As static ad displays are being converted to digital, new technology has given outdoor advertising the immediacy it lacked before.
Advertising messages can now be more targeted as they are adapted according to topical issues. As there is no longer a need for print material, delivery is faster and messages can be changed instantly.
“Our digital networks are managed from our head office, which alleviates any geographical challenges with regards to delivery,” says Lyn Jones, marketing manager at Continental Outdoor. “This also allows us to update messages across Africa from one controlled hub.”
Continental Outdoor has installed eight digital roadside billboards in Sandton. These screens offer high quality images, ensuring content creators have the ability to digitally duplicate advertising copy effortlessly. Additionally, proof-of-play cameras have been installed on each screen, giving advertisers real-time assurance that their ad is being flighted.
This kind of advertising doesn’t come cheap. But, says Primedia Outdoor Group creative head Mark Davis, “you’re getting a lot more bang for your buck” as the ability to customise digital billboards offers a great deal more flexibility than their static counterparts.

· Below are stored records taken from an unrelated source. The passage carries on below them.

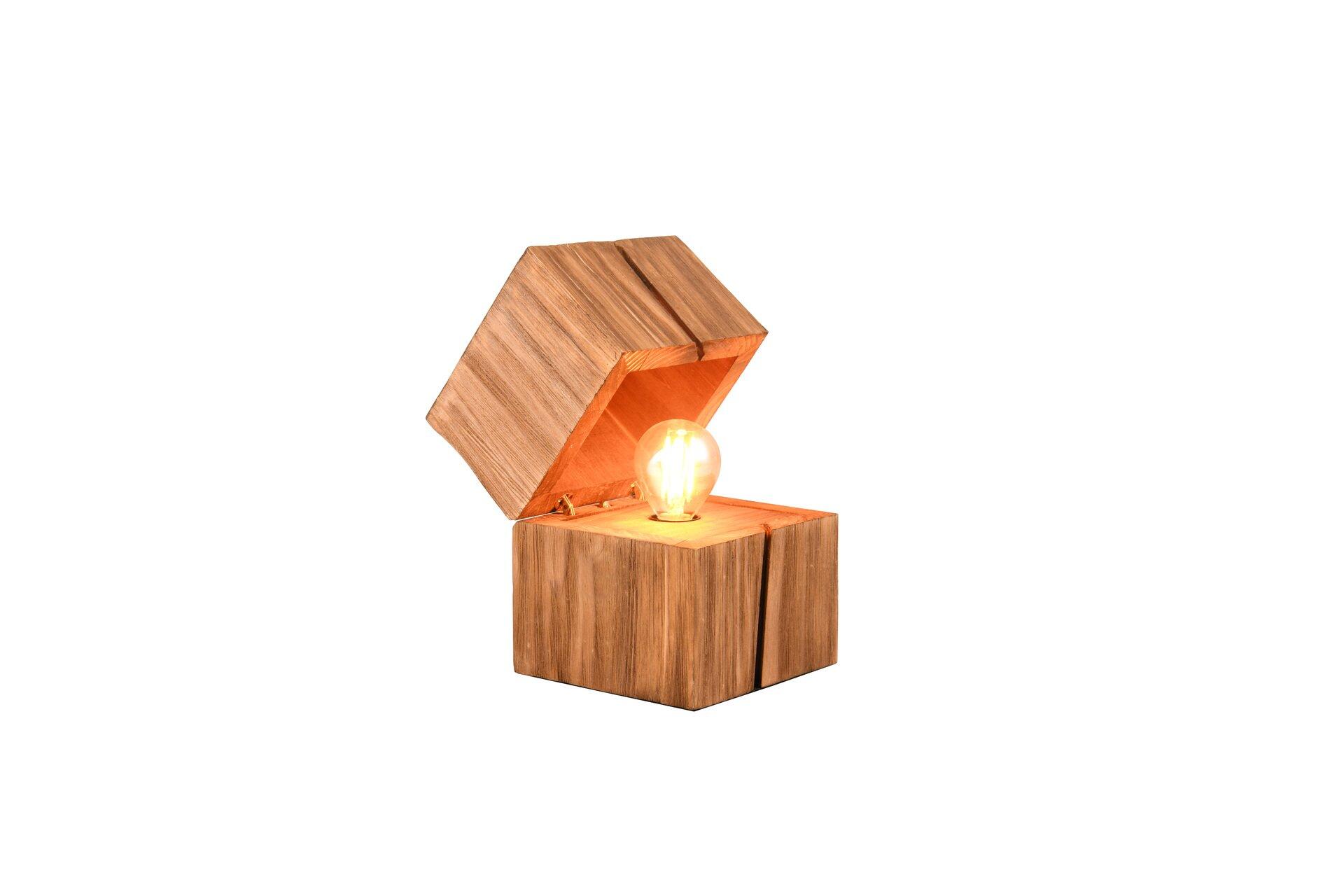 Tischleuchte Treasure aus Holz mit sechseckigem Lampenschirm und warmweißem Licht im 3/4-Profil.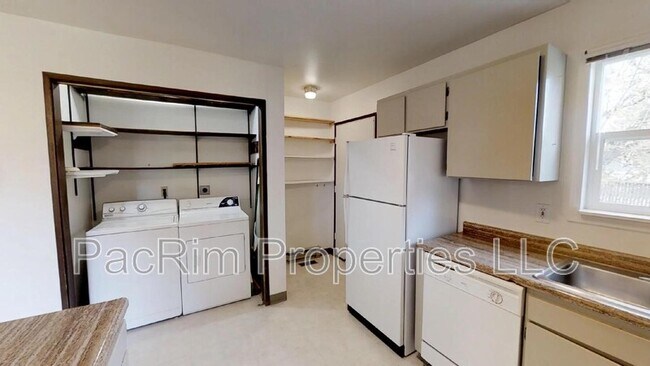 Building Photo - 2920 W 84th Ave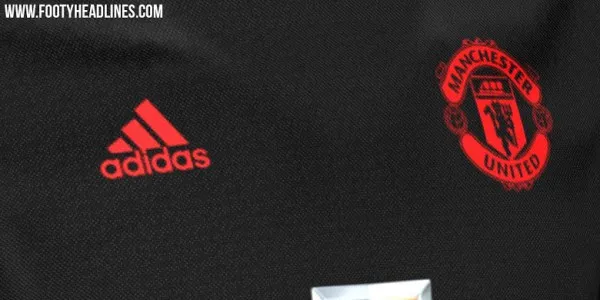 manchester-united-15-16-third-kit-closeup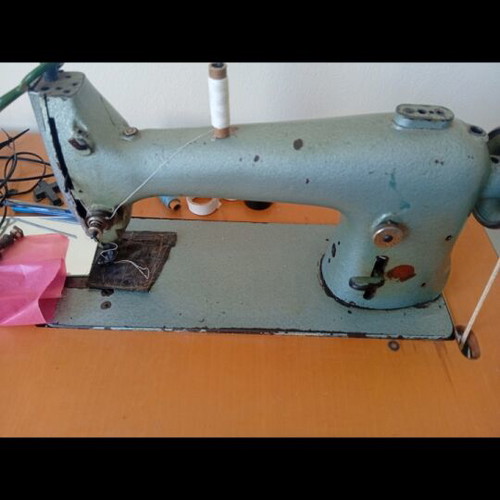 Singer sewing machine used, industrial, 1947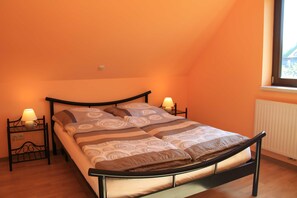 2 bedrooms, travel cot, WiFi, bed sheets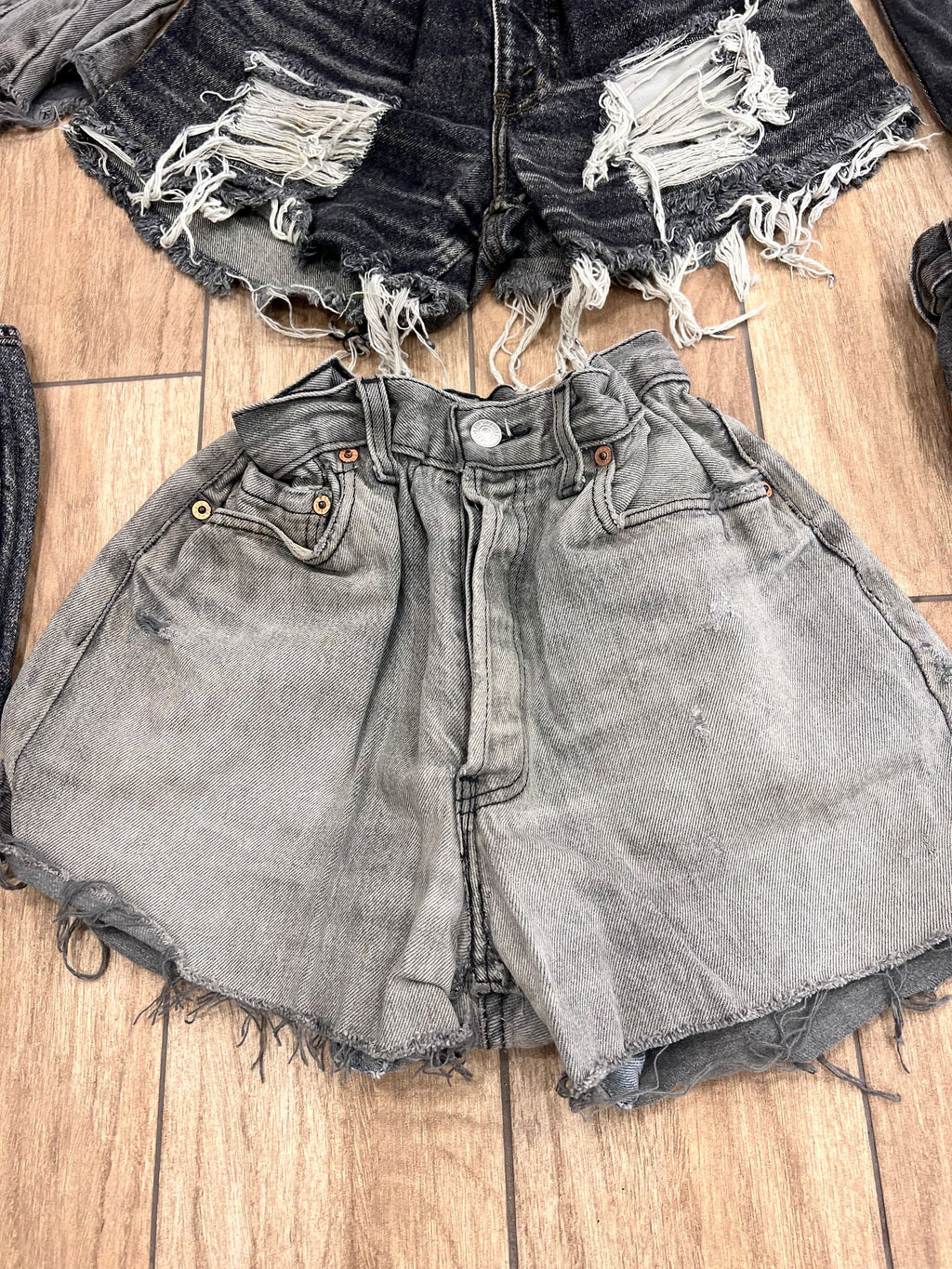 SHORT LEVIS CARAMELLA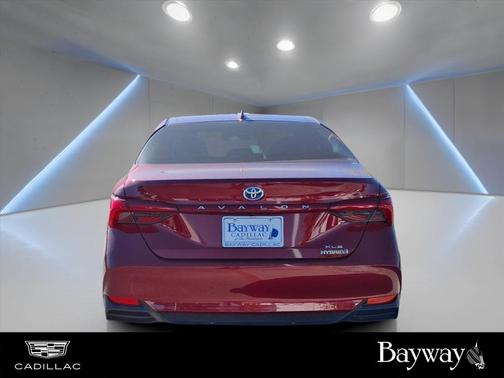 2022 Toyota Avalon Hybrid XLE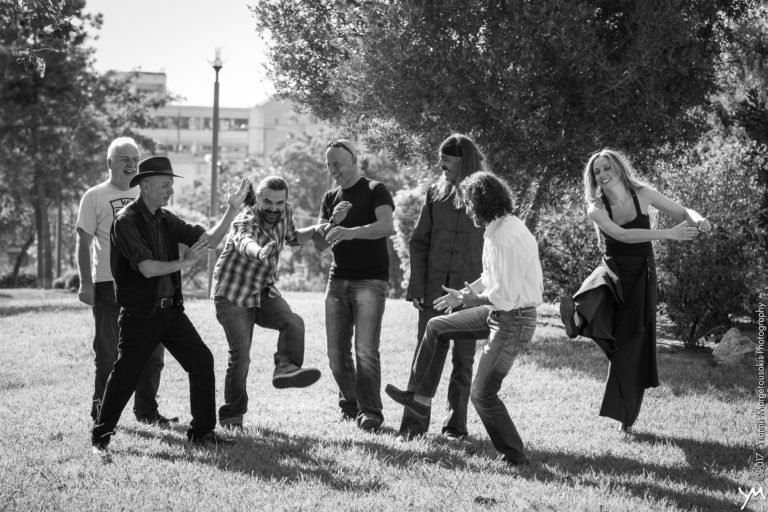 ΟΙ ΧΑΪΝΗΔΕΣ ΣΤΗ ΣΑΝΤΟΡΙΝΗ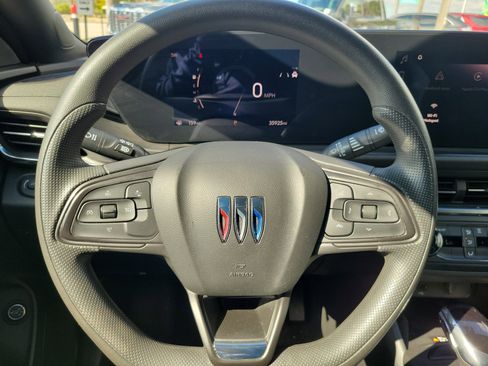 Used 2024 Buick Envista Preferred w/ Convenience II Package image 18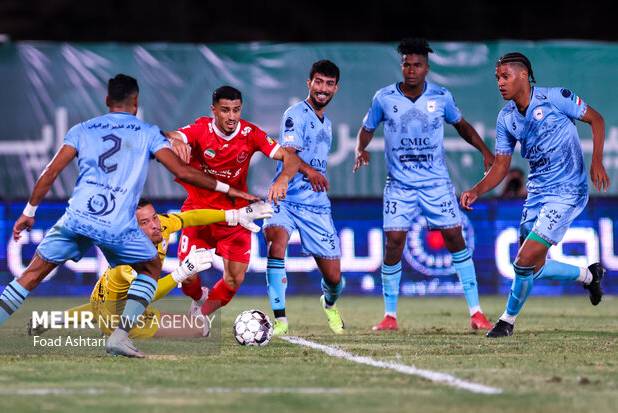 بازگشت پرسپولیس به مسیر پیروزی/ صعود به رده دوم جدول با شکست چادرملو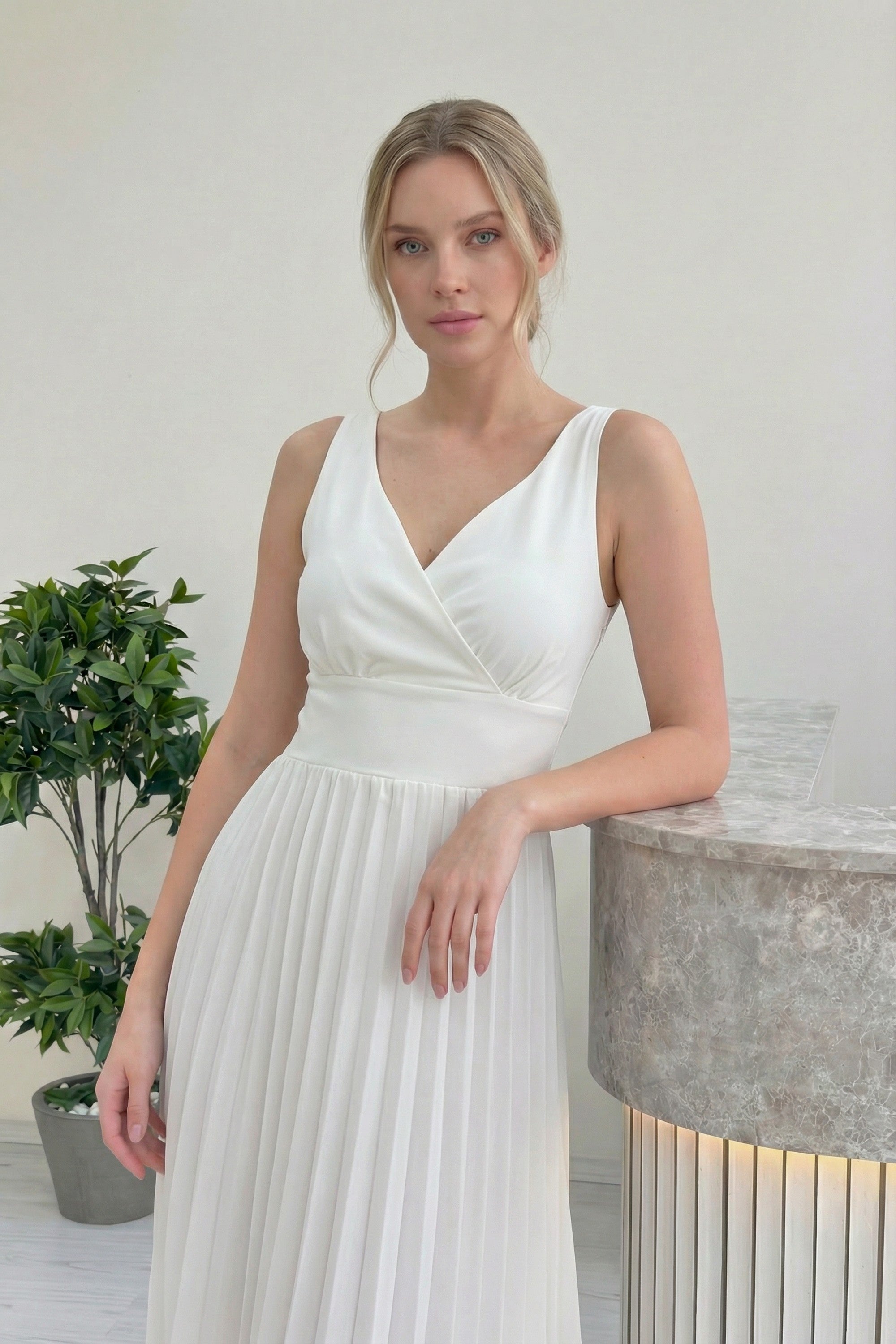 Beyaz V Yaka Pileli Midi Boy Elbise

At the end of April, Primedia Outdoor launched its second 4.5m x 18m LED screen on the M1 North between Grayston Drive and Marlboro Drive. The space is occupied exclusively by Coca-Cola.
While technology has made this kind of advertising more accessible and viable for clients, it has also allowed outdoor advertising to evolve into something more than just a stand-alone medium. It can now position itself as a gateway to a brand’s digital and mobile platforms. At the simplest level, this can be done by including a QR code, hashtag or URL at the bottom of a billboard.
Pepsi Max UK, for example, used Twitter innovatively to ask users to submit videos for a chance to be featured on a digital Max billboard in the brand’s #LiveForNow campaign.
Similarly, deodorant brand Axe ran a campaign called #KissForPeace, which asked Twitter users to submit their photos of a kiss for a chance to have it featured on a billboard in New York’s Times Square.
“Outdoor is definitely not designed to compete with social media,” says Davis. “If anything, it complements it as billboards can be used to direct people to social platforms.”
Jones believes all out of home platforms, whether static or digital, provide the perfect springboard for marketers to start their brand conversations with consumers.
“Key to this is the understanding that once a message is driven onto a social or mobile platform, the control of the conversation is in the marketer’s hands,” she says.
While the traffic to social media platforms and websites driven from an out of home platform can be easily monitored and tracked, Jones says digital campaigns are measured in very much the same way as static billboards.
“The sale of the product being advertised is the key metric,” says Jones.
Continental Outdoor has pioneered the return on media investment (ROMI) with their product, ROMItrack, an analysis initiated by the company in collaboration with Nielsen. It evaluates the ROMI on an out of home campaign and compares test sales against a statistically matched control group.
According to Davis, outdoor has never been a retail platform.
“Measurement is hard to gauge with outdoor as it is very difficult to give a definitive answer. It is not a platform that is designed to be an indisputable punter of sales,” he says.
What is certain is that more time spent out of home combined with technological advances means that there is an opportunity to use old dead time spaces in new, innovative ways.
Jones says Continental Outdoor’s main focus in recent years, and going forward, has been becoming more flexible and targeted with their digital offerings for marketers.
“We aim to offer relevant and niche messages to consumers at the appropriate time and place,” she says. “As the price of technology reduces, so digital out of home products will proliferate.”